President Trump heads to the Gulf Coast on Saturday to survey damage from Hurricane Laura, which has, like other storms, disproportionately devastated low-income minority neighborhoods. The president’s visit follows a Friday night campaign event in New Hampshire in which Trump darkly described Gotham-esque anarchy on the streets of American cities and said the country needed him to “save democracy from the mob.”
Meanwhile, Democratic presidential candidate Joe Biden and his running mate, Sen. Kamala D. Harris (D-Calif.), have separate virtual campaign events in the afternoon. Biden spoke at the National Guard Association of the United States virtual conference at a time when Trump has advocated for activating the National Guard in states where some protests have led to violence and looting.
Harris spoke to Hispanic small business owners in Florida, a key voting bloc in the crucial swing state.
Here are some significant developments:
August 29, 2020 at 2:52 PM EDT
Biden tells National Guard: ‘I’ll never use the military as a prop or private militia’
Speaking to a virtual gathering of the National Guard Association of America on Saturday, Biden pushed back on Trump’s conception of “law and order.”
“I promise you as president I’ll never put you in the middle of politics or personal vendettas,” Biden told the members of the National Guard, speaking from a podium set up on the first floor of his Wilmington, Del., home. “I’ll never use the military as a prop or as a private militia to violate rights of fellow citizens. That’s not law and order. You don’t deserve that.”
Biden said relations between the military and civilian leadership are the “bedrock principle of our republic,” but it has been “tested lately.”
“We have historic challenges,” Biden said. “We have to do it together.”

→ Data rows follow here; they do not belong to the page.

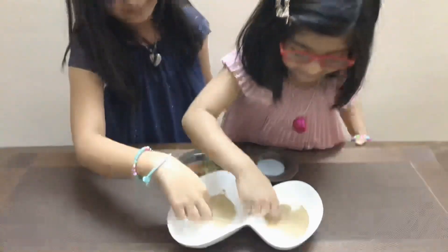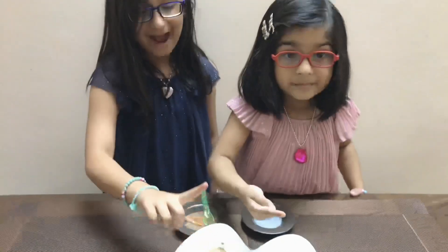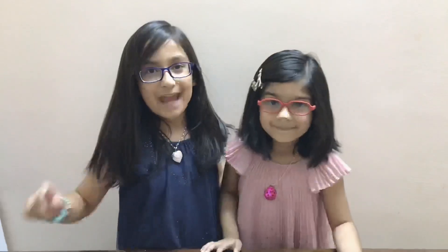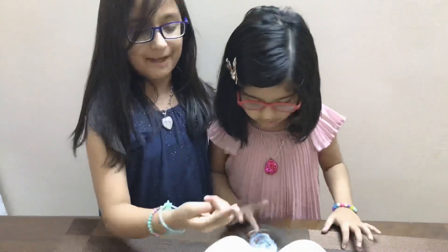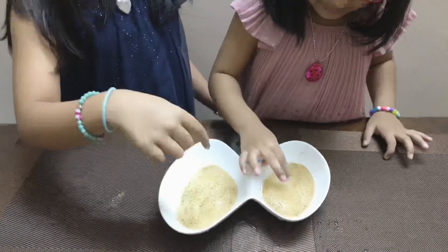Now we are going to dip our fingers inside the peppery water. Oh no! Our fingers are all germy! Now we will dip our fingers inside the soap and put them in the germy water.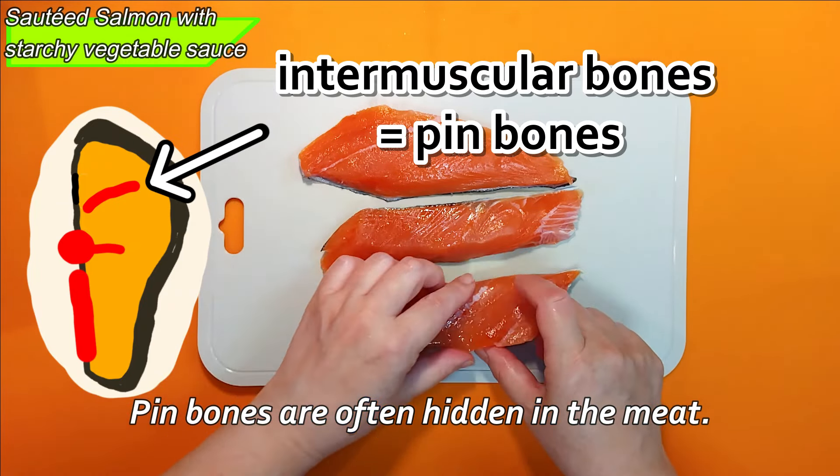These white things are radial cartilages. It's better to have no bones when eating, so let's trim that part.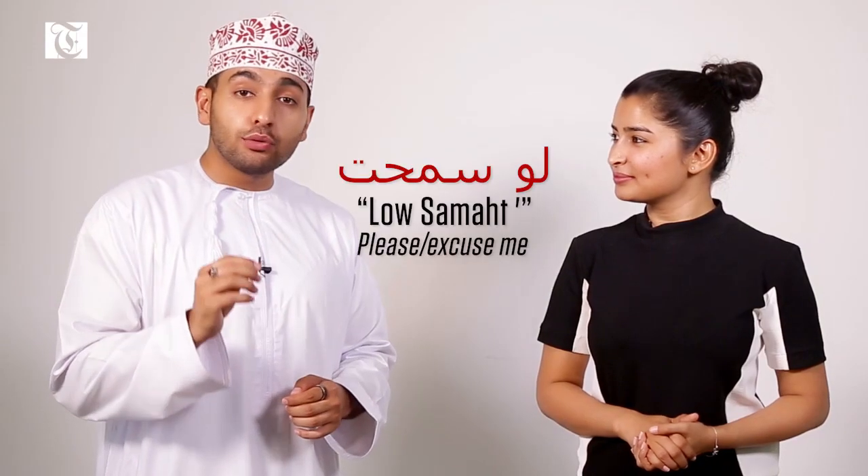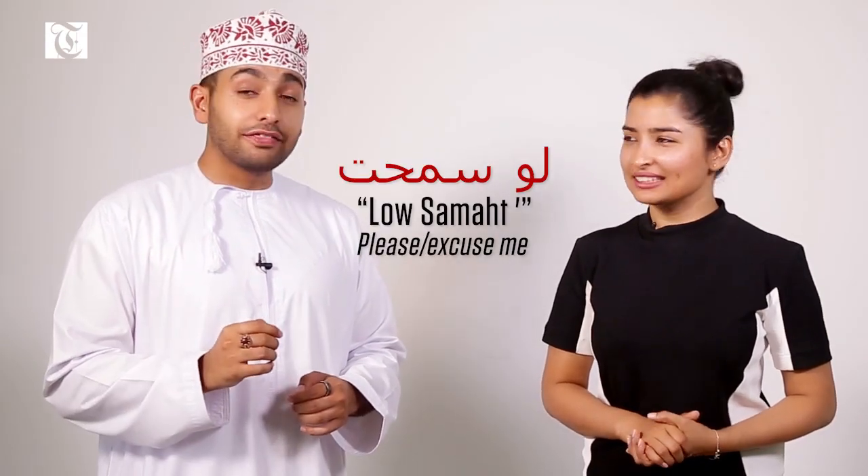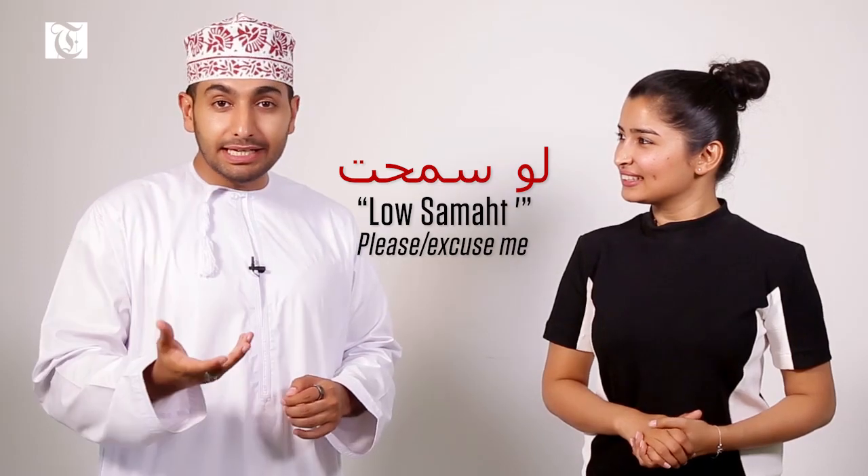But of course there are some other phrases you'll hear very often in Oman, such as law samaht. That's right, law samaht can mean either please or excuse me. So it's law samaht.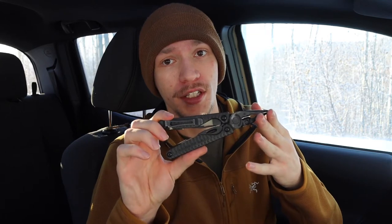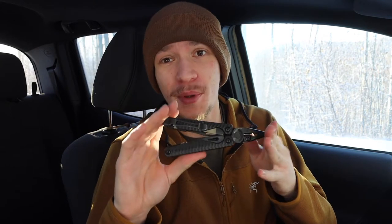The number one for me has to be the Charge Plus. Now I have multiple Charge Pluses, which might surprise some people because they are a little bit expensive, but I really do like them. They come in multiple different versions from titanium handle scales to G10 handle scales to just standard aluminum handle scales, and essentially the Charge Plus has the same exact tool set as the Leatherman Wave series of multi-tools.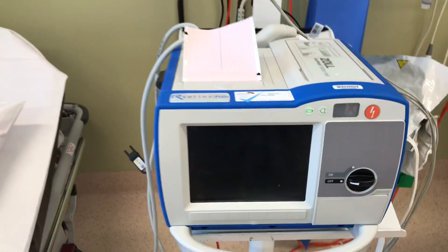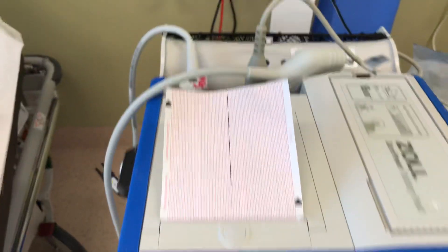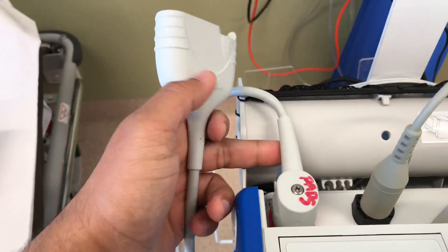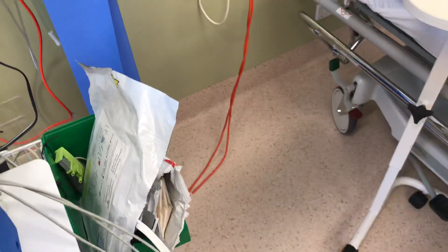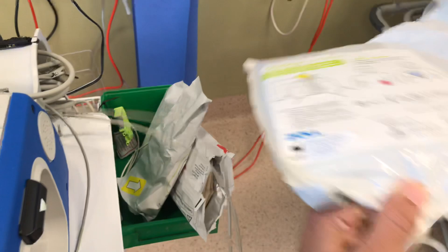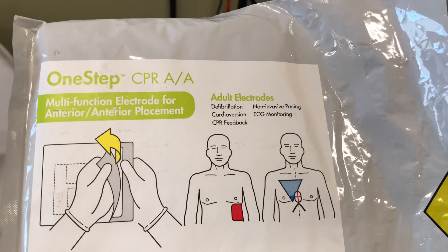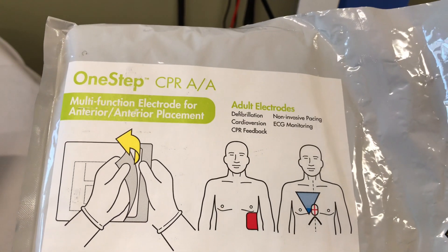Before we go over to the test, I'll just go through the other parts. We have two cables attached to this device. This cable is where the pads are attached, and this cable is where the 3-lead ECG is attached. If you look at the adult pad, we can actually do defibrillation, cardioversion, CPR feedback, non-invasive pacing, and 3-lead ECG monitoring.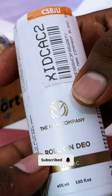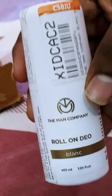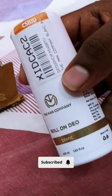This is the roll-on from the Man Company. This is a roll-on for 55ml. We are going to purchase this new roll-on. This is a full review. The price is around $1.51.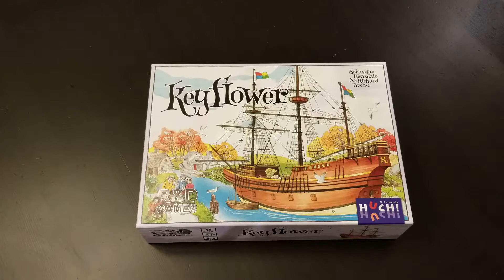This is an unboxing video for Keyflower. Most people know about this game. It's a two to six player game, but most people don't recommend it above four players. It's between 90 and 120 minutes, but you're probably really looking at over two hours to play it — especially if you're playing six players. It's going to take a long time with six players.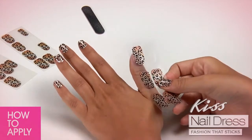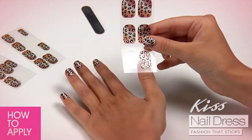Some thumbnails require using the square side of the strip, which can also be used for toes.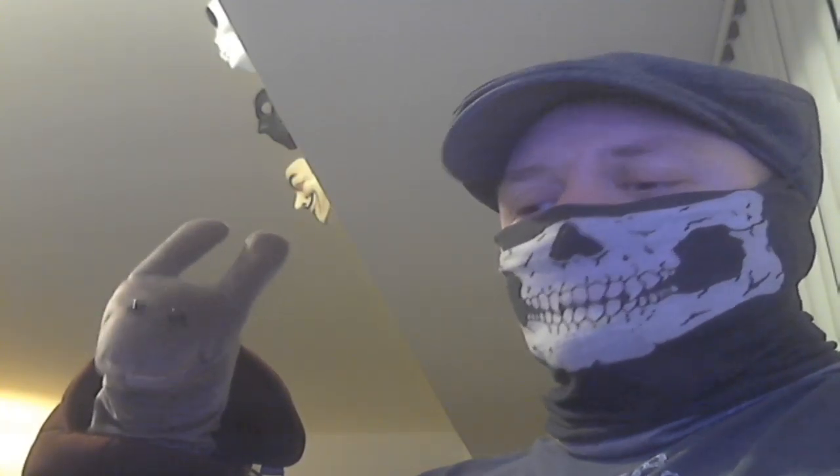Hello everybody. I am Bones. And I'm Shelly. Hello everyone. We are doing a new segment today called Let's Review, and we're here to show you guys this company called American Paper Optics.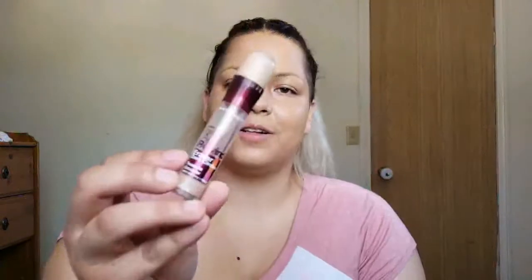After foundation you do concealer. I have the Maybelline Instant Rewind one because I like this one. Again, I don't know if anything's coming out, so if it's not, well, too bad. I have my e.l.f. concealer brush. I lost my beauty blender so I don't really use it. Oh, I forgot a couple spots. So I'm just lightly blending on my concealer.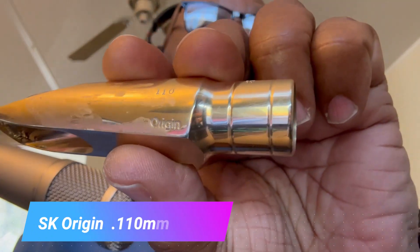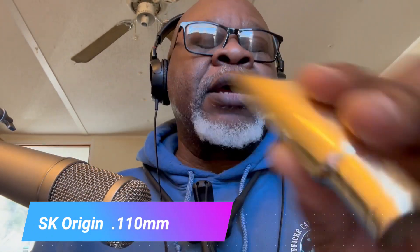As some of you may know, Stephen Kammerer is a mouthpiece repair guy who has received high praise from many people who have had their mouthpieces repaired by him. This mouthpiece is great. It is the SK Origin — I don't know if you can see that printed there — with a 1.10 millimeter opening. I have nothing but high praise for this mouthpiece. It gives me what I want, and it feels right when I push against it. It's the best one I've played on yet.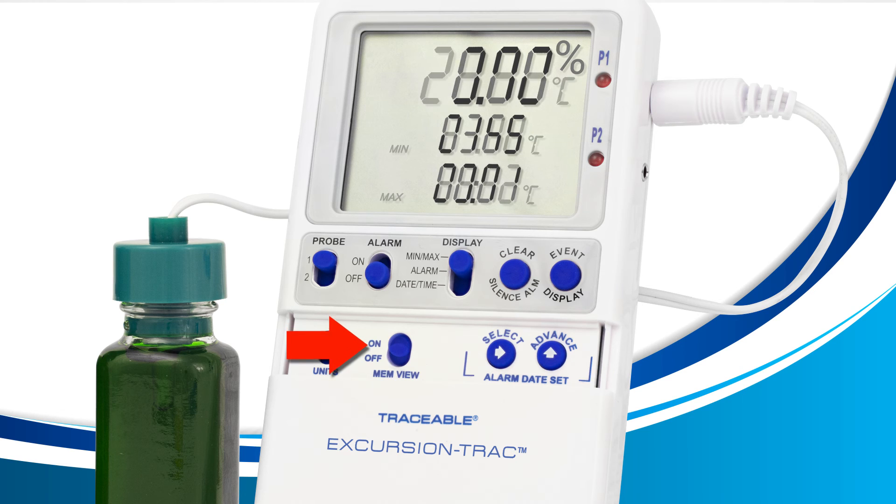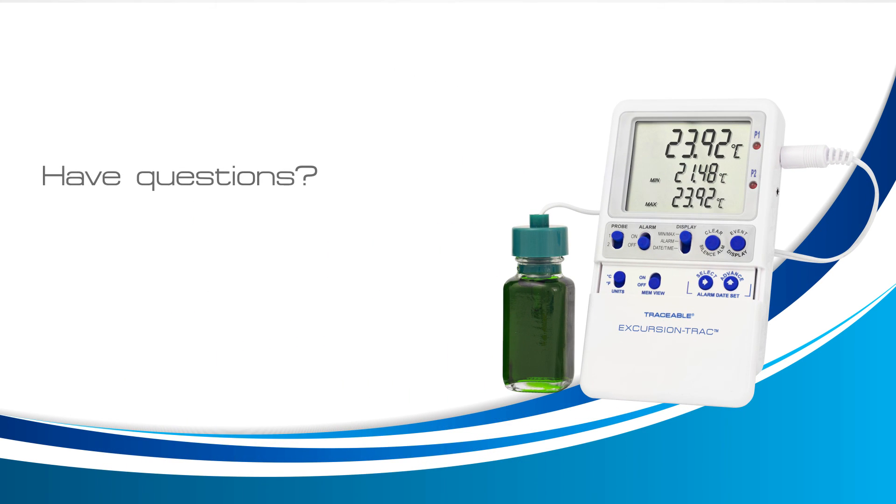Do you have any additional questions about your Traceable Excursion Track Thermometer? Contact us directly by phone or email and we'll help you with any question you may have.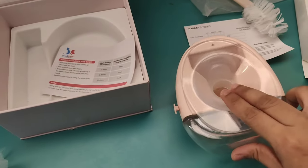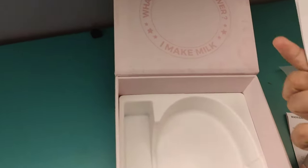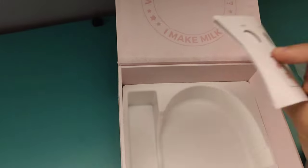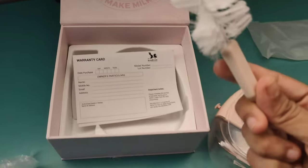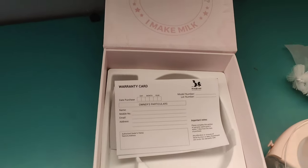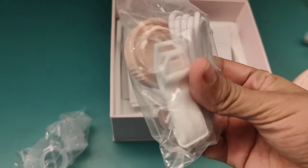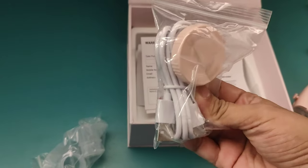We can remove this protective cover. After that, we have to use the warranty card — this warranty card is always good to keep. You can also clean the pump easily. Along with this, there is a protective strap. You have to connect the wires and charge it — it is chargeable.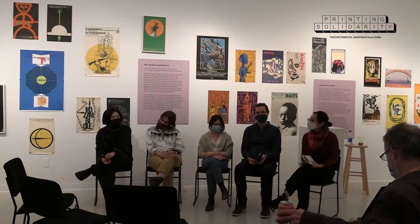Thanks everyone for coming to the curatorial panel for the exhibition 'Printing Solidarity: Tri-Continental Graphics from Cuba.' These are the four amazing curators: A.B. Ken, Alyssa Armani, Sarah Harvey, and Daniel Menzo — PhD students enrolled in the Art History and Criticism PhD program at Stony Brook. I am Sol Lee; I teach in the department as assistant professor specializing in East Asian Modern and Contemporary Art. We have prepared three questions for this roundtable and wanted to open it up to the floor, with the event lasting definitely less than 30 minutes.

Trump has been ramping up a “law and order” message, saying Biden and the Democratic Party are responsible for unruly demonstrations in some cities in a moment of racial reckoning. Democrats note that the increased tensions are coming on Trump’s watch and believe militarized responses to protests that have, at times, resulted in looting and riots aren’t helpful in defusing the situation.
By Annie Linskey
August 29, 2020 at 2:45 PM EDT
Harris holds roundtable with business owners in battleground Florida
The Democratic vice-presidential nominee has not hit the literal campaign trail much at all during her first few weeks since she was chosen by Biden, but Harris has already centered many of her virtual efforts on key battleground states.
After holding multiple remote events in Michigan this week, Harris held a virtual roundtable Saturday with Hispanic small business owners in the Miami area. Her husband, Doug Emhoff, held an event with members of Florida’s Jewish community on Friday.
Florida and its 29 electoral votes are crucial to Democrats’ hopes of retaking the White House in November: Obama won the state twice before it flipped to Trump by around 100,000 votes — or 1 percent of all votes cast there — in 2016.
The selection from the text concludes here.